20 Apr 2010

The high-wire inflation act

Inflation has come in significantly higher than expected. No crisis yet, but it’s a window on a complicated world of post-election monetary policy. At 3.4 per cent it was last month well above target, but we are still told that this is a temporary ‘blip’ caused by the remnants of the VAT rise, and fuel prices, and a weak sterling amongst other things.

The Bank of England will “look through” these accelerating prices and not yet start to raise interest rates from their record lows. However, the longer the Bank of England tolerates higher-than-target inflation, the greater the risk that its inflation-busting credibility is undermined.

There is some evidence of inflationary pressure building up in the world economy. Steel prices have surged and energy prices are a wildcard. The rise in the petrol prices to record levels is very real for millions of drivers. If, as many economists suspect, VAT is likely to go up, then there is another significant upward pressure on the inflation numbers.

A question in the markets is whether a period of slightly higher inflation is being tacitly accepted by the Bank of England to help the economic adjustment.
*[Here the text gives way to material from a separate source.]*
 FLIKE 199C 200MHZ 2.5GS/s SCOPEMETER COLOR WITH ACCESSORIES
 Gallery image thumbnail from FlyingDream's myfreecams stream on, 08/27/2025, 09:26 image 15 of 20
It is a strategy suggested by the IMF chief economist, which was rejected in an important speech by Deputy Governor Charlie Bean.

The Bank of England vehemently deny they are any less intolerant of inflation, there are sound economic reasons to look beyond the current high inflation rate. We will see some of this when the minutes for their latest decision are released tomorrow. But it’s not just rate rises, there’s also the challenge of reversing quantitative easing, something I referred to as quantitative tightening.
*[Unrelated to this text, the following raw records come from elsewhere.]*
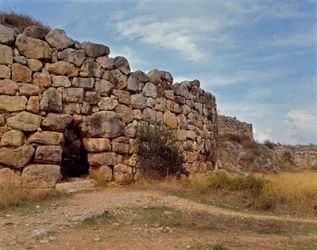 Sztuka myceńska: zachodnie schody prowadzące do cytadeli mykeńskiej, miasto Tiryns, około 1200 p.n.e. Grecja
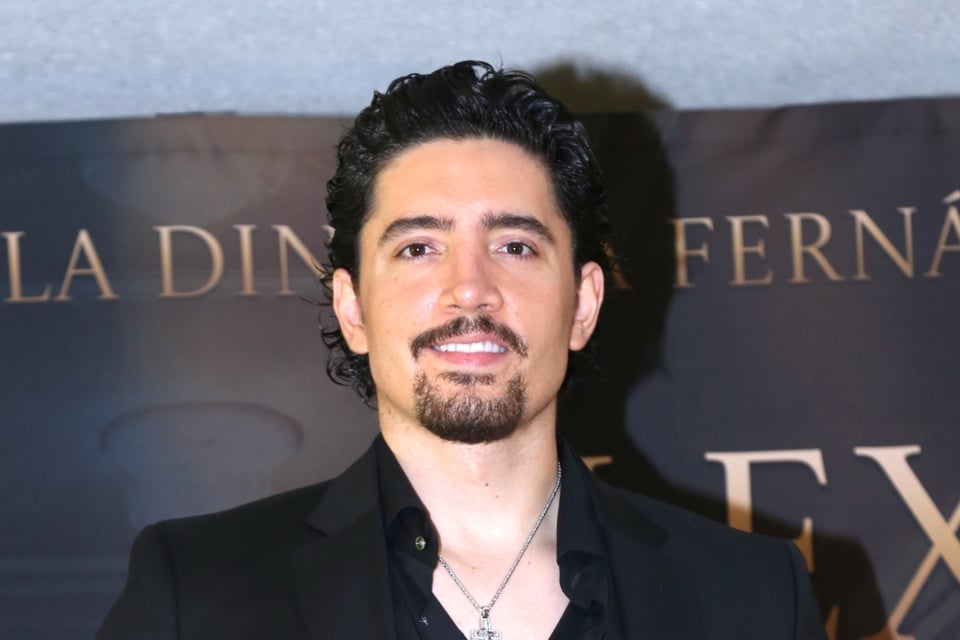 Alex Fernández rompe el silencio sobre Ángela Aguilar y aclara rumores de celos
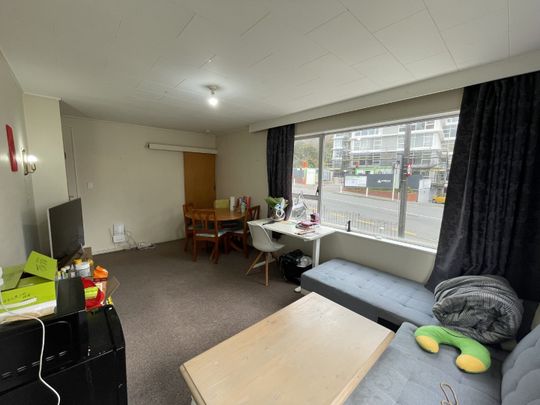 Excellent location for Uni students and young professionals - Photo 1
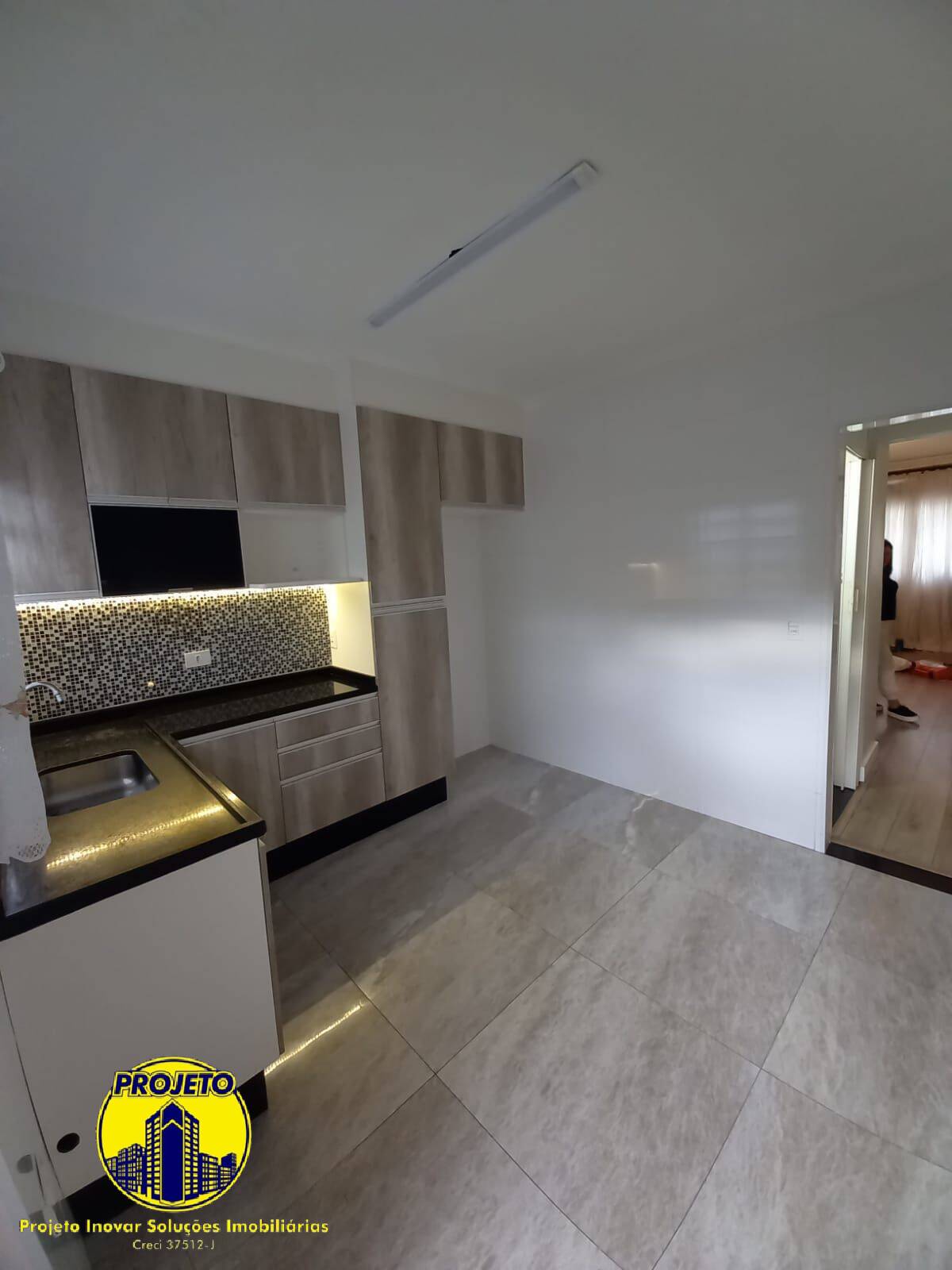 Casa à venda com 2 quartos, 80m² - Foto 17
“Early policy tightening is likely to be required to stabilise market expectations and re-establish inflation-fighting credibility,” says Simon Ward, economist at Henderson, pointing out that market expectations of inflation have crept up half-a-percent since February.

Almost everybody I talk to in banking or economics believes that Britain’s day of reckoning for a decade of over-indebtedness will come when rates start to rise. The first time buyers that the government want to tempt back into the market on “bargain” tracker rates of 4.5 per cent — well that equals base rate plus 3.99 per cent, and I wonder how many of those guys are stress-testing their finances against a mortgage rate of 8, 9, or 10 per cent.
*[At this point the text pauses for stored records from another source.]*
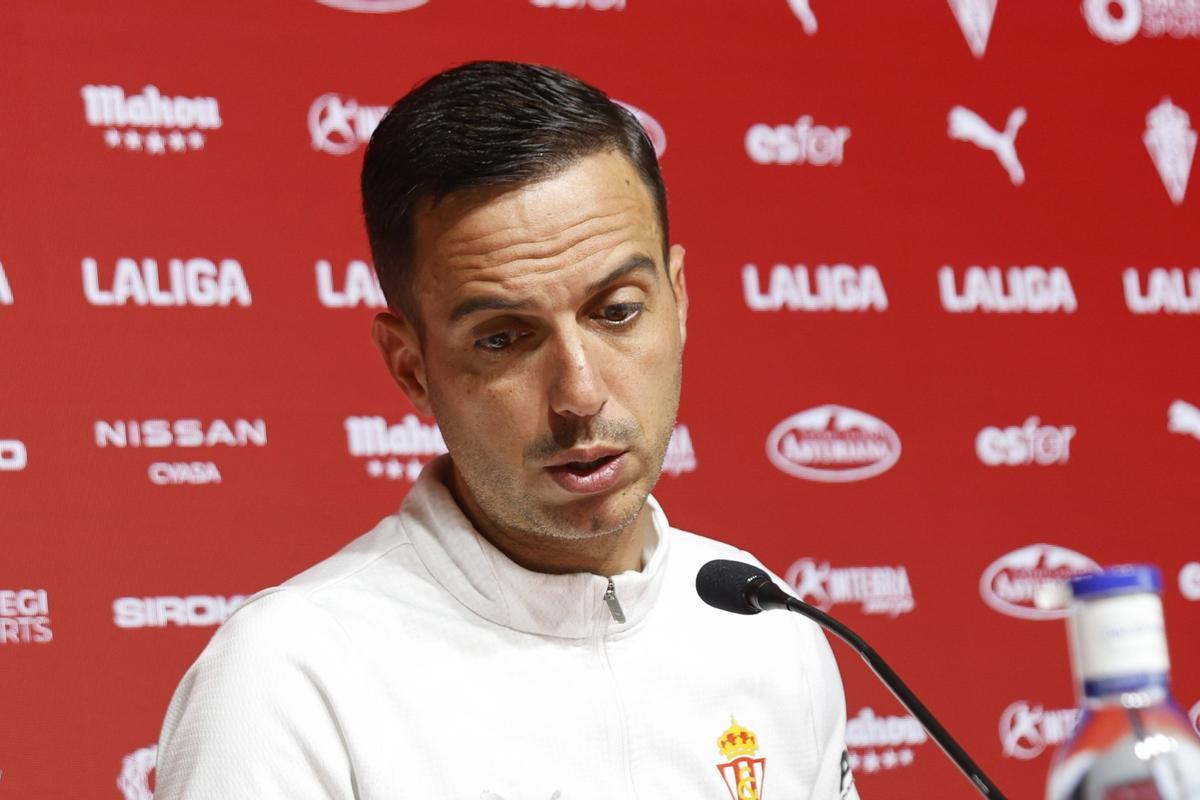 Borja, en una comparecencia como entrenador del Sporting.
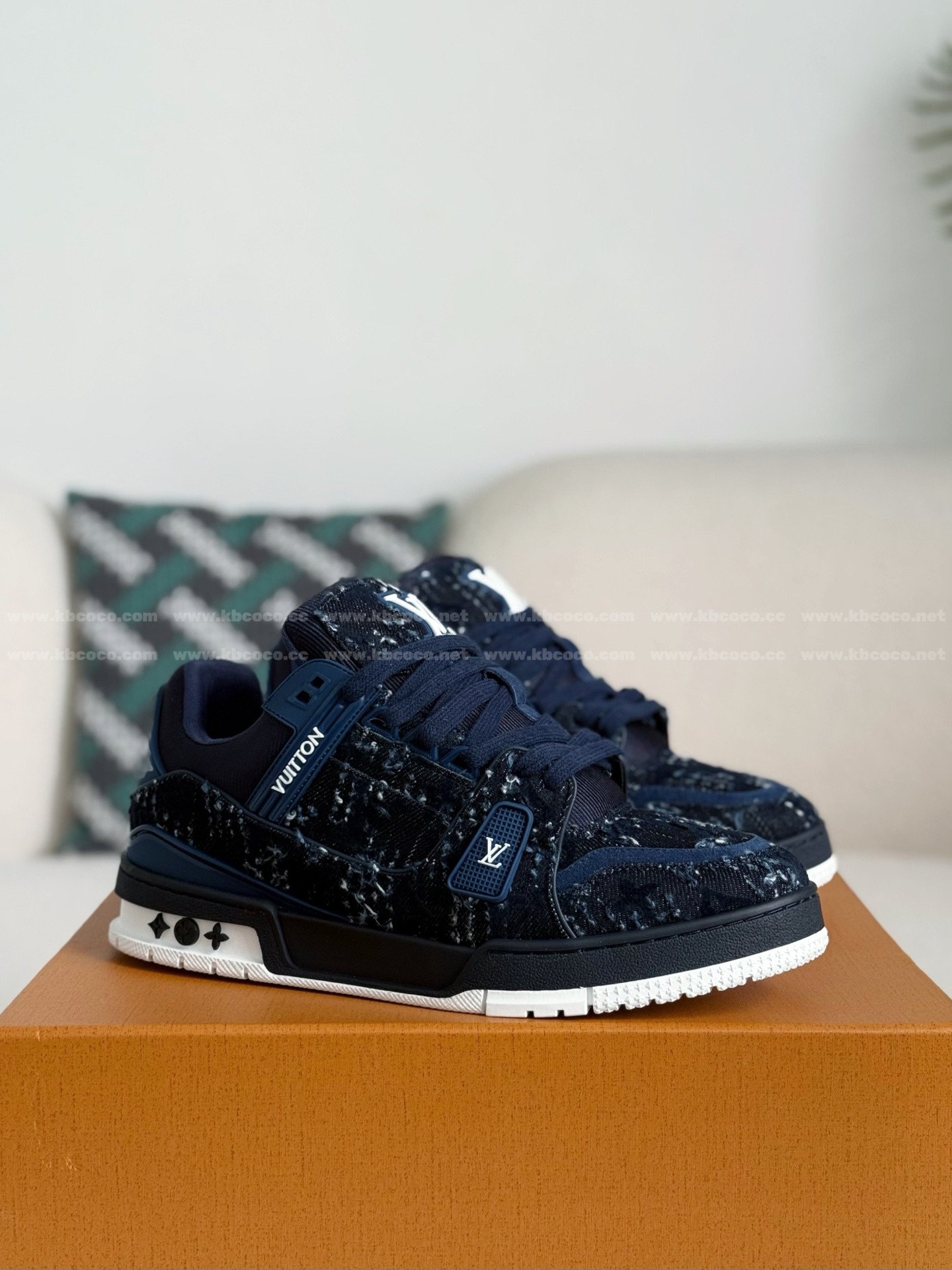 「#5802」LOUIS VUITTON TRAINER SNEAKERS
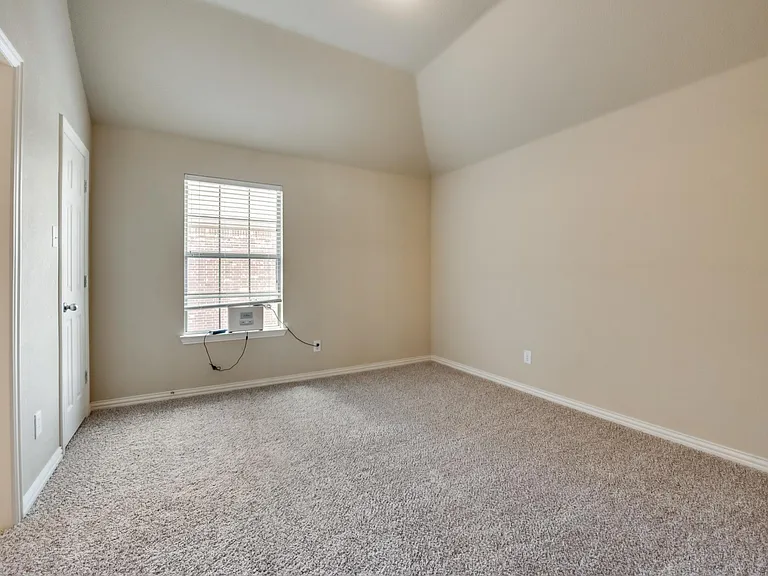6072 Wallis Dr — Photo 36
But what about savers? High inflation means that savers need to find deposit rates of between 4-6 per cent just to keep the value of their savings from being eroded. And then there are the ‘savers’ who are lending money to our government to fund the deficit.

Even a moderately enduring period of higher than average inflation can serve to erode the value of gilts, i.e. help the government to inflate some part of our national debt away.

From what I hear from the people who will buy government debt, they fear this far more than perceived risk of a hung parliament equivocating over spending cuts. So it’s a high-wire act for Mervyn King over the next two years. Today’s inflation figure means that act got a little higher.